You may find it easier to play the 13th with a different finger or you may find it comfortable to just move the first finger.
Guitar Tab showing a repetitive picking pattern with a moving first note causing some position shifts and stretches.
This exercise is once again straight eighth notes and is a fantastic speed builder. The first three bars of the pattern are all identical except for the first note which move down a fret each bar. This not only helps your accuracy but it also works on some stretching and position shifting. When you are starting the phrase with the 5th fret, you will need to move your hand down to the 5th before targeting the 10th fret on the E string with your little finger again.
Guitar Tab showing an ascending triplet pattern using notes from the A Dorian Mode.
This ascending triplet exercise is a great way to get those fingers ready for playing some shred guitar. We are playing three notes per string here, this retains the form of the A Minor Pentatonic scale with the addition of the 7th fret on both strings (Taken from the Dorian Mode).
Use strict finger groupings for both strings here, first finger, ring finger and little finger and strict alternate picking throughout.
When alternate picking you’ll be starting all the B string triplets on a down and the E string triplets on an up.
Guitar Tab showing an descending triplet pattern using notes from the A Dorian Mode.
This exercise is the same as Exercise 12 but in reverse. Starting from the highest note and working backwards in triplets.

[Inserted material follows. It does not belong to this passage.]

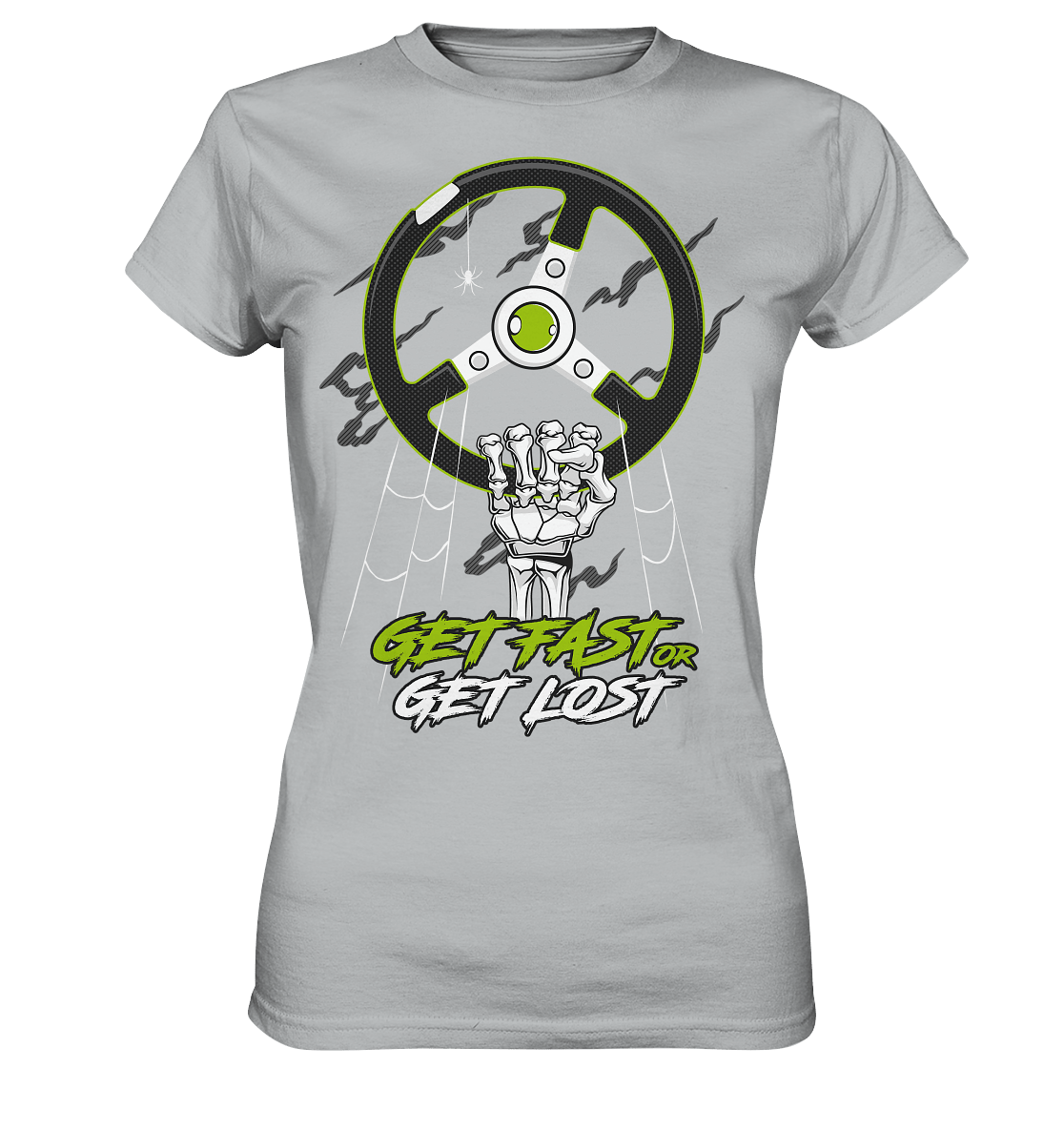 get fast or get lost - Ladies Premium Shirt - MotoMerch.de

Same rules apply here with finger patterns except you will be starting with the little finger. Picking is also worth considering, I always recommend starting descending triplet licks with an up stroke. If you start the first triplet with a down, the second triplet will need to be an up, which will involve skipping over the E string to precisely upstroke the B. While this is possible, you may find it more fluent to start with an up.

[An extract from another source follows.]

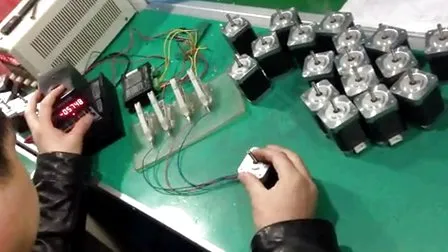 2 Phase 57mm NEMA23 Closed Loop Stepper Motor System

Guitar Tab showing an ascending triplet pattern move up the fretboard with a range of position shifts and stretches.
This exercise is all triplets in an ascending, three note per string pattern. Each pattern will require the use of the first and little fingers but you can alternate the middle notes between your middle and ring fingers as needed.
The position shifts can be tricky in this pattern as the speed increases as they all contain three finger stretches so spend some time getting used to the form of this pattern before working your way up with the speed. Accuracy is everything with a fast pattern like this, you want to be sure you’re hitting every single note cleanly and not rushing anything.
Guitar Tab showing an ascending triplet pattern that crosses all 6 strings and works across a large are of the fretboard with position shifts and string changes.
In this final exercise we have a triplet, three note per string pattern which ascends both up the strings and up the neck of the guitar. We will be covering everything from the 5th fret on the low E to the 18th fret of the high E in one move.
Every two groups of triplets, the position shift happens on the same string, Take bar one for example, the second beat is the 5th, 7th and 8th frets on the A string which then position shifts on the third beat to the 7th, 8th and 10th frets on the same string.
This exercise is certainly one to take your time with as there is a lot going on here and this requires accuracy from both your picking and your fretting hands. This combines all the skills in this lesson into one monster pattern.
All the exercises are written out here in the key of A Minor but you can transpose these to anywhere else on the guitar to suit. You may find some of the stretching exercises easier in a higher register as the frets are closer together.
Once you’ve mastered these, you could even try to throw a few of them into your own guitar solos to add some face melting speed to your lead passages.